Room-temperature magnetization of ZnFe 2 O 4 nanoparticles (NPs) dispersing in silica was successfully enhanced by a femtosecond laser irradiation. This drastic increase in magnetization can be explained in terms of the metastable phase that exhibits ferrimagnetic high magnetization. The silica composite material was prepared by heat treatment of xerogels made by a sol–gel reaction of TEOS containing zinc nitrate and iron nitrate. When normal spinel ZnFe 2 O 4 NPs precipitated inside silica are irradiated with a femtosecond laser, a random cation distribution in spinel structure is instantly formed due to a local temperature rise, and it would be frozen as a metastable phase, resulting in an enhancement of magnetization at room temperature. When the irradiated sample was reheated at 800 °C, a decrease in saturation magnetization was observed by approximately 40%. This is ascribed to the cation rearrangement from the random spinel to the stable normal spinel structure. The size of the change region was estimated from the saturation magnetization, assuming that the cation distribution of ZnFe 2 O 4 NPs in the focal centered sphere was almost completely randomized.

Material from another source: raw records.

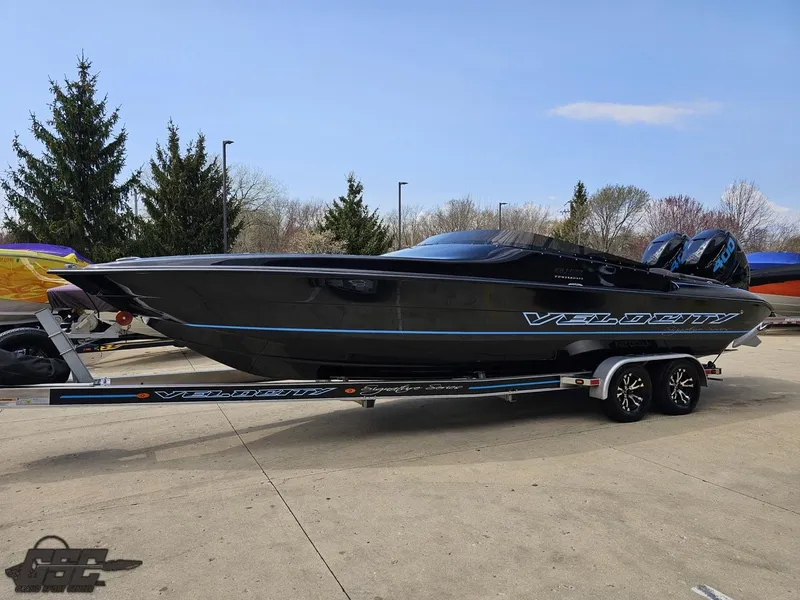 Slide: The Image of 2022 Velocity 290SC Signature Series boat on trailer, sleek black design, parked outdoors. - 20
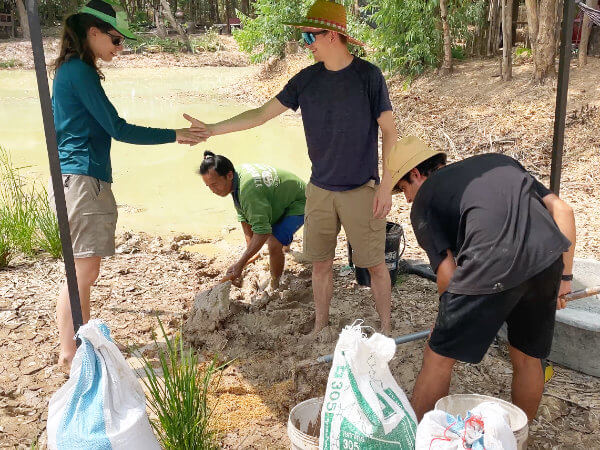 mixing clay and risk husks for sustainable adobe building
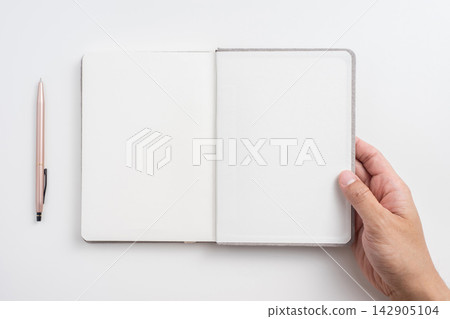 Top view of open blank notebook mockup with hand holding page on white background 142905104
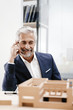 © Westend61 - Mature businessman examining architectural model in office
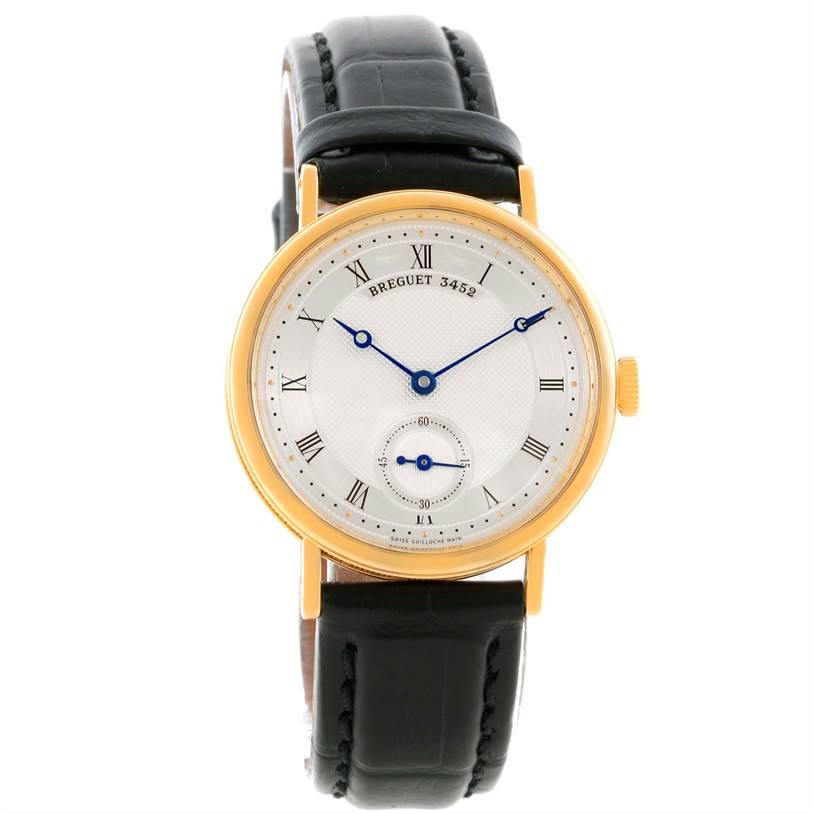 The image shows a frontal view of a Breguet Classique 5907BA/12/984 Men's Yellow Gold Silver Dial 5907BA/12/984 Men's Yellow Gold Silver Dial watch, featuring a gold case, Roman numeral hour markers, and a black leather strap.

The calculated size was in close agreement with the laser spot size, suggesting that the induced magnetization increase is due to the formation of a metastable phase of ZnFe 2 O 4 in the local region. The femtosecond laser process using a silica/ZnFe 2 O 4 nanocomposite material enables three-dimensional patterning of magnetic materials. In the near future, it can be expected to be applied as waveguide-type magneto-optical devices and microphotonics based on magnetic materials.